He flies through the airwaves
Is it a bird? Is it a plane? No, it's Spiderman, and he's on a mission to redefine radio as we know it. Nicholas Barber reports
Sunday 05 February 1995
The producer hunches over a mixing desk and confers with the sound-effects man: "What have you got for the submarine door? No, that's more like the gate of Doctor Doom's castle." Among the synthesisers, samplers and CD racks is a box of X-Men bubblegum, and suspended from the ceiling is a model of the masked webslinger himself, Spiderman. There is a label hanging from its ankle: "I was going to be an insurance broker until I met Dirk Maggs."
Dirk "Mr Genius" Maggs, as Brian May calls him, is the writer/producer/director/techno-boffin behind Spiderman. A graduate of such radio comedies as The News Huddlines, he has based his script on Stan Lee's Marvel Comics of the Sixties, with their blend of boyish wonder, gleeful daftness and soap-opera interaction: "The girl I want to marry is getting hung up over a homicidal Sub Mariner!" splutters Mr Fantastic, mid-battle. "Reed, not now . . ." tuts the Invisible Girl. Were any Archers fans to tune in, their eyebrows might also be raised at the adventure and the ground-breaking effects (and wall-smashing, bomb-exploding effects for that matter).
Maggs, in his own words, "late thirties, but eight years old at heart", is on a mission to expand the parameters of radio drama. "It's perfectly possible for the medium to build a world around you," he says, "to create a very full and layered picture. Just having two voices and no background noise is fine now and then for effect, but it shouldn't be the rule." And what better testing-ground for in-your-face radio than larger-than-life superhero stories? Maggs first adapted Superman for Radio 4 in 1990, then did Batman for Radio 1 last year. This was a hit, aided no doubt by knock-on publicity from Tim Burton's films, and a CD of the radio series topped the spoken-word chart. But the genre has its difficulties. It can't be easy to cast superheroes. "It's not," laughs Maggs. "American actors find it easier, I think. They have a wonderful sense of heightened reality."

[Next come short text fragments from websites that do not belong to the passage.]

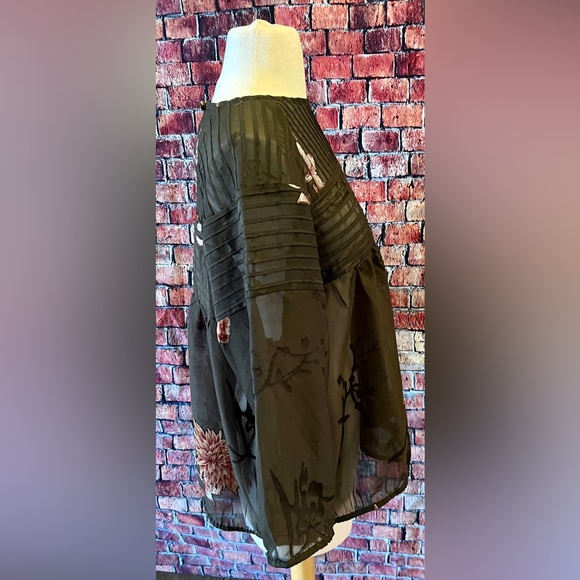 Vintage~ “One Fine Day” size Large Olive Green Sheer Blouse ~ PERFECT 4 Season - Picture 5 of 5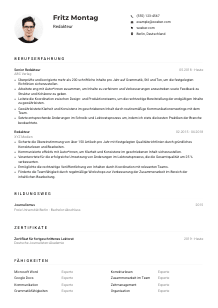 Lebenslauf-Muster für Redakteur*in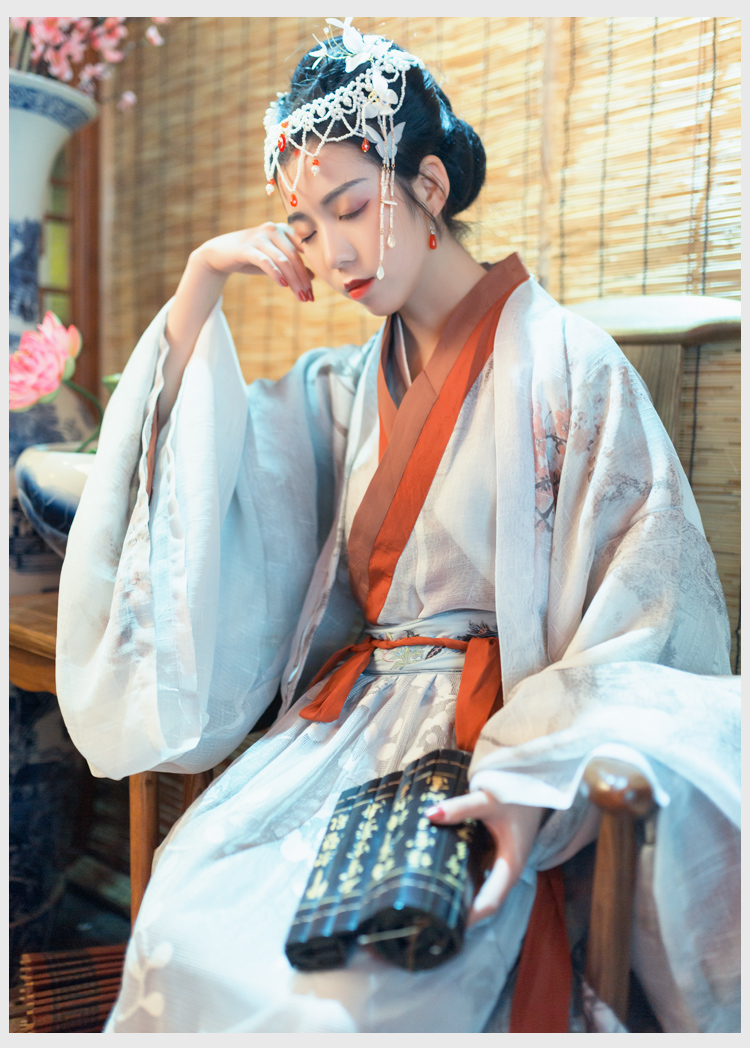 魏晋风交领齐腰襦裙汉服，古风印花雪纺汉服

Maggs orchestrates an exuberant cast who improvise, joke and seem bereft of Equity-issue egos. The show-stealer is Gary Martin, who plays The Thing, the man of stone. His voice is, well, gravelly. He croaks his way through Spiderman during the day and sings in Grease at the Dominion Theatre at night. But he risks typecasting - he dubbed the voice of a robot in Space Precinct, the latest series from Thunderbirds creator Gerry Anderson, and of a rock-chewing living mountain for The Neverending Story 3: "They ask you to do all kinds of things. They say, `Do you think you could give him an American accent, with hints of Polish and Russian? Oh, and remember that he weighs 60 tonnes. Now do his son, who only weighs eight tonnes.' "
Jonathan Kydd is another of the few British actors in the series. "The main problem is remembering which voice is which. I play the Green Goblin, one of the main villains, and I'm also Doctor Doom's henchman, who sounds quite similar. Then in the next scene I'm back as Steve, a character who had some lines two weeks ago, and I have no idea what he sounded like."

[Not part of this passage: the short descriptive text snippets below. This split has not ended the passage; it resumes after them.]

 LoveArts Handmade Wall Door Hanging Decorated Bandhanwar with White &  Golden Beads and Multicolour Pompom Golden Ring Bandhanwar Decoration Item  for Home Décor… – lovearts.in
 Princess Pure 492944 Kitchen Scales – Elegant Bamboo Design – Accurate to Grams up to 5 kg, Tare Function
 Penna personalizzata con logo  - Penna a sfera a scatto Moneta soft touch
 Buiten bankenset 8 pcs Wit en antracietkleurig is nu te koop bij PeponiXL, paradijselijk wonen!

Like Peter Parker, Spiderman's mild-mannered alter-ego, Maggs' actors have to switch identities several times a day. In just five days, spread over a few weeks, they record 150 minutes of story packed with action and effects - a feat which would be impossible in TV or film.
"We're making movies here," says Maggs, "widescreen movies with special effects, Dolby Surround sound and orchestral soundtracks." One obvious difference is that Spiderman comprises 50 three-minute episodes, a format of which Maggs is tiring. "It has to hit the ground running every day. You want to convert listeners every episode so you need at least one fight or one great sound-effect each time. My ambition is to do an hour-and-a-half slot, bringing the layered-sound technique to bear on a thriller. You can do more than just comic-book stuff in this style. Radio should try to compete with the movies on their own ground soundwise. You could do The Terminator or Jurassic Park on the radio and they would work brilliantly."
Maggs is, to quote Stan Lee's Spiderman comics, a True Believer. His work is based on the idea that radio is closer to film than television is. Special effects which are too expensive for TV can be achieved on radio shows, with their audio-versatility and their listeners' imagination. The medium, Maggs thinks, has not been taking advantage of its own possibilities. "Radio should redefine itself. It has this attitude, `Oh, we're only radio,' and, `When are you moving to TV?' But it's not just a stepping stone. We can tell stories just as colourfully as any other medium. It's about time radio took a bite out of the bum of the TV industry. How's that for a quote?"
! `Spiderman' is on R1, weekdays, 4.20pm.